Analysis and Computational Mathematics Seminar
Hosted by the UW Math Department
Speaker: Ye Zhang
Title: Direct Method of Parameter Estimation for Steady State Flow in Heterogeneous Aquifers with Unknown Boundary Conditions
Date: Tuesday, Feb 26
Time: 4:10 - 5 pm
Location: Ross Hall 247
A new physics-based inversion method has been developed to simultaneously estimate steady-state hydraulic conductivities (K), source/sink strengths, state variables, and boundary condition (BC), for both confined and unconfined heterogeneous aquifers subject to natural or man-made recharge/discharge effect (e.g., well operations). Unlike the objective-function-based techniques, this method does not require forward flow simulations to assess data-model misfits, thus the knowledge of BC is not required. Instead, it directly incorporates noisy observed data (hydraulic heads, groundwater fluxes, or flow rates) at the measurement points in a single step, without solving a boundary value problem. The method is computationally very efficient. For problems where the underlying variations of the parameters (both hydraulic conductivities and source/sink strengths) are unknown, the method yields equivalent conductivities and average source/sink strengths. Given sufficient measurement data, the method yields well-posed systems of equations that can be solved efficiently with linear or nonlinear optimization techniques. The solution is also stable when measurement errors are increased. The method has been successfully tested on two- and three-dimensional groundwater flow problems with regular and irregular geometries, different heterogeneity patterns, variances of heterogeneity, and error magnitudes.
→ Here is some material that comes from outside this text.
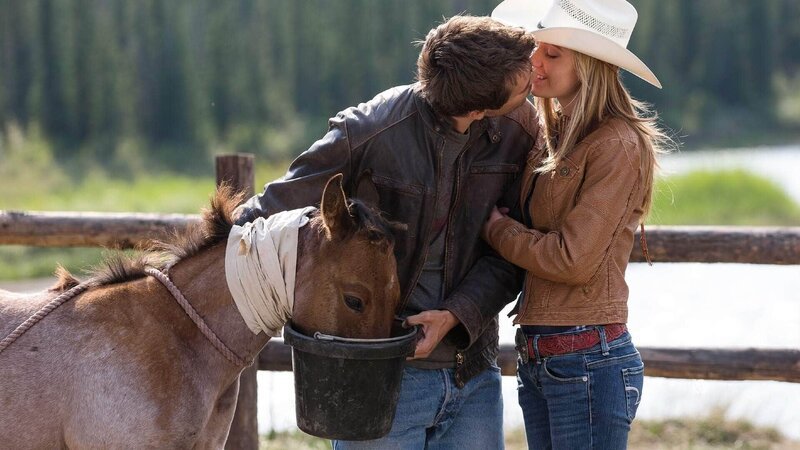 Amy (Amber Marshall) und Ty (Graham Wardle) – Bild: MG RTL D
In all cases, parameters converge to the correct or expected values and are thus unique, based on which heads and flow fields are estimated directly via a set of analytical expressions. Accurate BCs are then inferred from these solutions. The inverse methods can also handle strongly heterogeneous systems. To date, the highest successfully inverted conductivity contrast is 100,000. Finally, to quantify estimation uncertainty, the method has been successfully integrated with geostatistics, whereas uncertainty in the static data (e.g., hydrofacies proportion, covariances, and correlation ranges) is propagated into the inversion outcomes --- a set of realizations of model parameters, flow fields, and BCs can be created. These realizations center on the ``true'' solution created from an underlying true model, while increased sampling (both of the static and dynamic data) leads to reduced spread in the estimated parameters, flow field, and BC. Future work will investigate highly parameterized inversion, transient effects, coupled flow with geomechanics, and multiphase flow.